Unbequemes Sitzen wird in jedem Alter
als störend empfunden – und von Kindern wegen der geringeren
Frustrationstoleranz nicht lange ausgehalten. Bald schon macht sich im
Auditorium Unruhe breit – und warum
sollte man auf Gymnastikunterlagen nicht lieber einen Purzelbaum versuchen?
Zudem
ist dieser Bereich nicht fest abgegrenzt,
wodurch eine stetige „Wanderung“ nach vorne einsetzt, bis die Kleinen schon
fast unter Ihrem Zaubertisch ankommen. Daher mein eiserner Grundsatz: Kinder
brauchen feste Sitzplätze, am besten Stühle! Schon bei Bänken besteht
das Risiko, dass ein Gerangel um den individuellen Freiraum beginnt. In einem
solchen Fall muss wenigstens ausreichend Platz
vorhanden sein, damit niemand sich eingeengt fühlt! Bei spärlichen räumlichen
Verhältnissen kann es nötig werden, den „Zauberbereich“
am Boden mit einem Seil, Klebeband oder Kreidestrich per „magische Linie“
abzugrenzen.
Weiterhin
brauchen Ihre jungen Gäste eine gute Sicht auf das Geschehen, weil sie
sonst schnell den Faden verlieren. Mit genügender Bereitschaft zum Umbau kann man fast stets eine
befriedigende Lösung finden – und natürlich sitzen die kleinsten Zuschauer ganz
vorne, Eltern bzw. Betreuer sollten am Rand Platz nehmen (so können sie bei
Problemen auch schnell eingreifen). Denken Sie daran, Ihre Requisiten hoch genug zu platzieren; ab einer
gewissen Gästezahl ist eine Bühne oder ein Podest eine große Hilfe.
Bei
dieser Art von Publikum kann man eine gewisse Unruhe nicht vermeiden, bei
dramatischen Szenen ist diese ja sogar erwünscht! Dennoch dürfen Ihre Texte
darin nicht untergehen – agieren Sie also mit lauter und fester Stimme sowie
deutlicher Aussprache. (Ist zudem
ein Rangordnungszeichen: Der „Platzhirsch“ röhrt am heftigsten!) Lassen Sie genug Pausen und modulieren Sie Ihren Text!
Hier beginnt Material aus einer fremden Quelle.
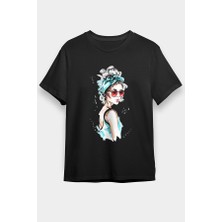 Darkhane Kırmızı Gözlük Tarzı Siyah Unisex Tişört T-Shirt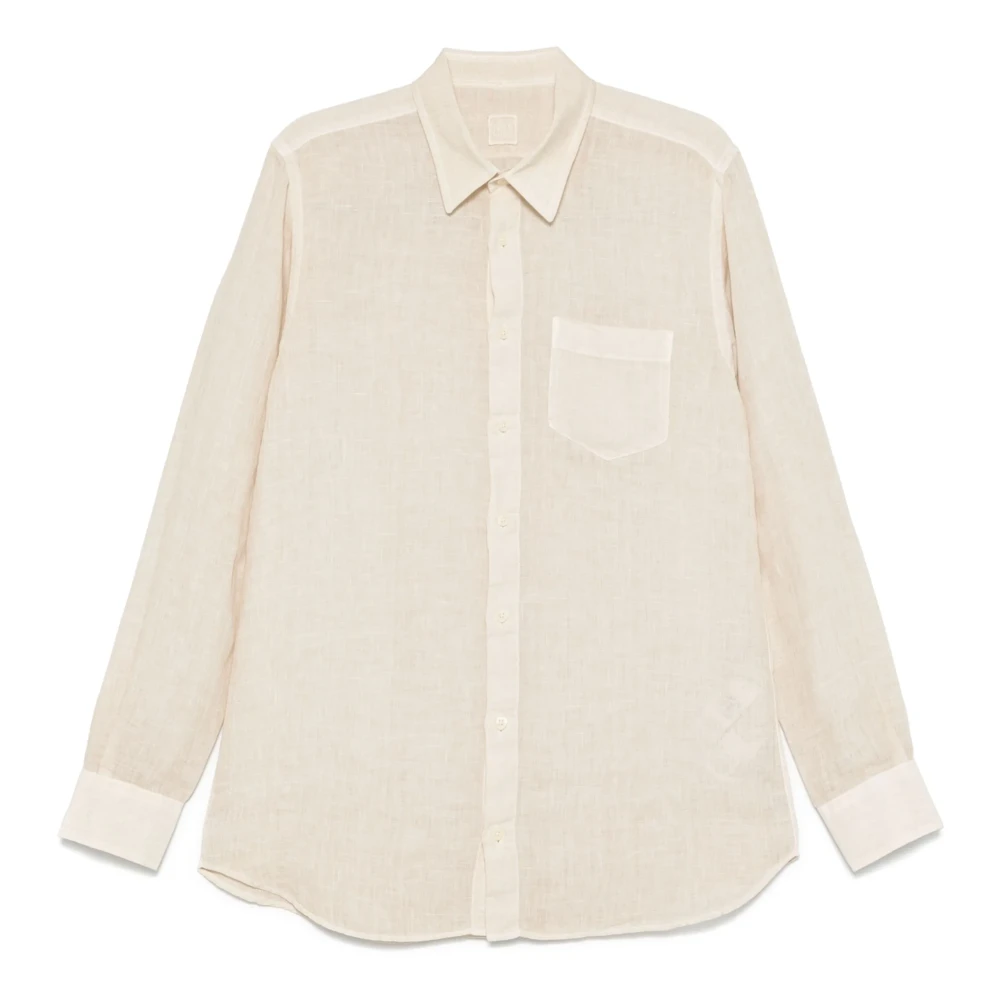 120% Lino Beige Linen Shirt With Chest Pocket - Male - Casual Shirts - S - Shirts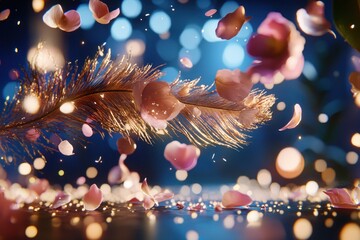 Leinwandbilder - Ethereal feather and falling petals create a dreamy and romantic scene with soft bokeh lights in a blue background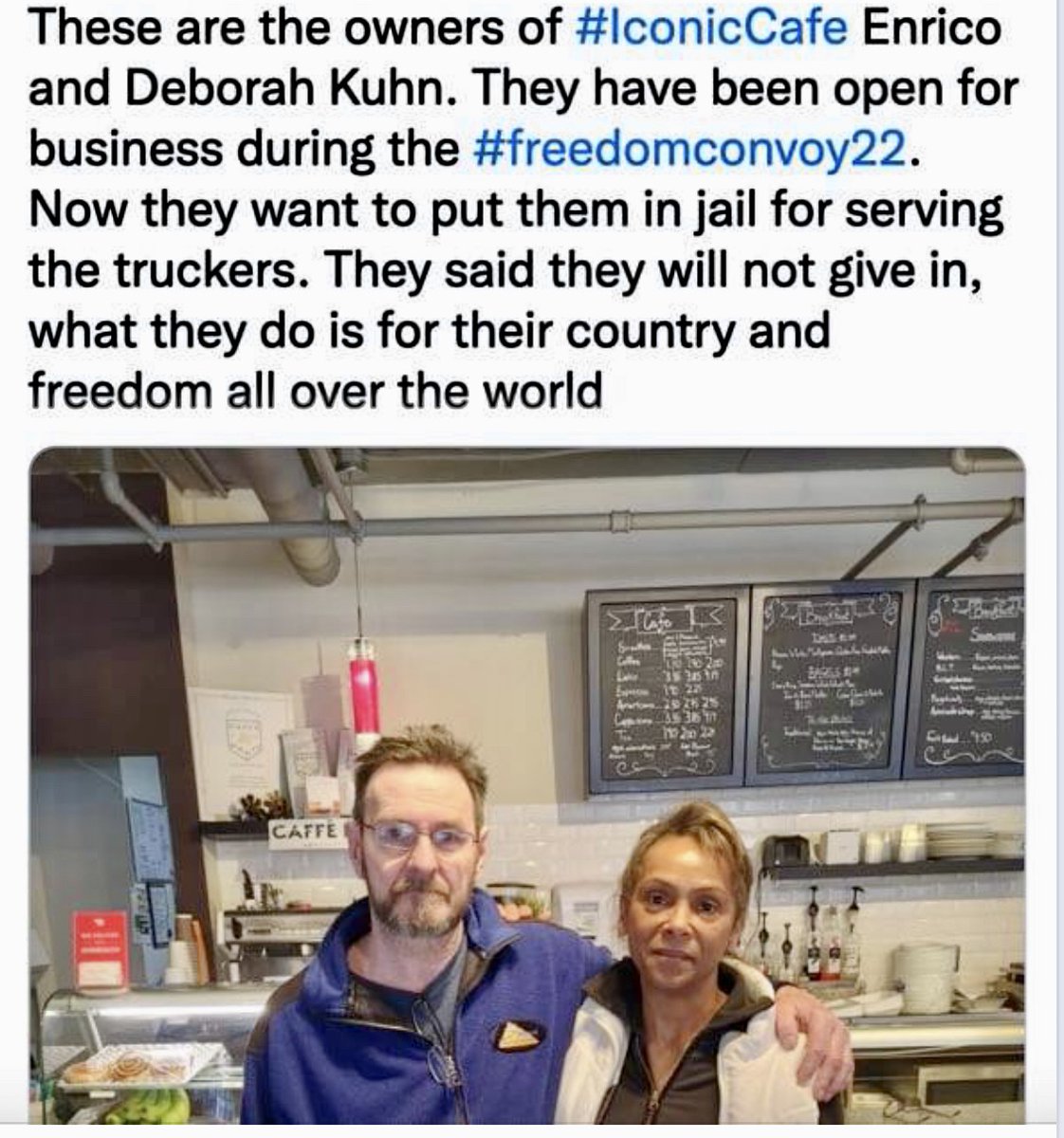 GinaMacina60's tweet photo. This is a story about Cafe owners who opened their doors for business when the Freedom Convoy arrived in Ottawa.
Their business had been shut down for months before the Truckers and supporters rolled into Ottawa.
The Trudeau gov't decided to penalize them for bringing in much needed revenue to put food on their table and a roof over their heads.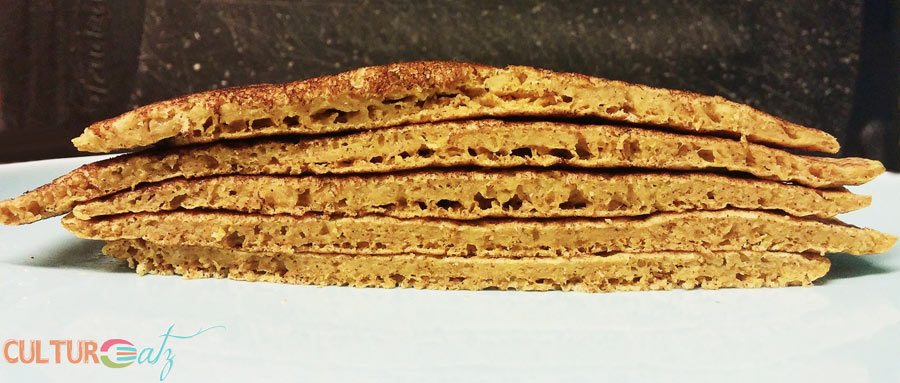 cattail pancakes cut vertically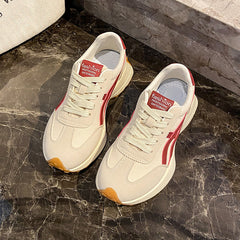 Damen modische Freizeitsneaker mit elastischem Obermaterial und dämpfender Laufsohle in Kardinalrot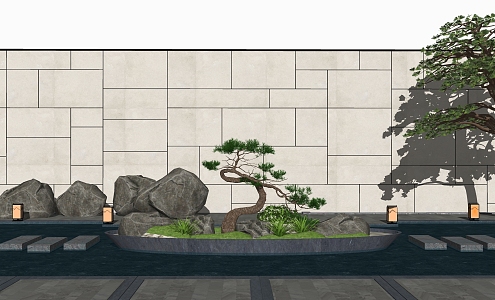 New Chinese style landscape sketch courtyard landscape sketch pine stone 3d model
Bei einer Zahl von mehr als 30 Kindern nehme ich stets mein Sendermikrofon mit (die Tonanlage habe ich ja wegen der Begleitmusik sowieso dabei.) Oft genug rettet diese Maßnahme meine Vorstellung vor dem Untergang im Begleitlärm – oder mindert jedenfalls meine Nervosität angesichts einer dreistelligen Zuschauerzahl.
Bei einer Zahl von mehr als 30 Kindern nehme ich stets mein Sendermikrofon mit (die Tonanlage habe ich ja wegen der Begleitmusik sowieso dabei.) Oft genug rettet diese Maßnahme meine Vorstellung vor dem Untergang im Begleitlärm – oder mindert jedenfalls meine Nervosität angesichts einer dreistelligen Zuschauerzahl.
Mein
früherer Seminarlehrer pflegte zu sagen: „Wenn die
Stimme des Lehrers nicht bis zur letzten Bank klar vernehmlich
ist, erübrigen sich alle weiteren Überlegungen zu Methodik und
Didaktik!“
Weiterhin
verringern diverse Nebenbeschäftigungen die Aufmerksamkeit der
Betrachter. Speziell bei Kindergeburtstagen werden ja die Gäste großzügig mit festen
und flüssigen Kalorien versorgt. Dies
muss aber vor meinem Auftritt
erledigt sein, am besten in einem anderen Raum!
Die
Örtlichkeit, an der ich zaubere, zeichnet sich dann durch völliges Fehlen von Essen und Trinken aus. (Für elterliche
„Kampfdrohnen“: Eine derartige Abstinenz über eine Dreiviertelstunde hin führt nicht
zur Dehydrierung oder gar zum plötzlichen Hungertod!) So vermeide ich, dass
meine Vorstellung durch umfallende Gläser oder den Streit um einen herrenlosen
Muffin beeinträchtigt wird. Ebenso ist Spielzeug fehl am
Platz (das habe ich ja mitgebracht) – und beim Kinderfasching werden alle
Cowboys und Gangster im Vorfeld entwaffnet.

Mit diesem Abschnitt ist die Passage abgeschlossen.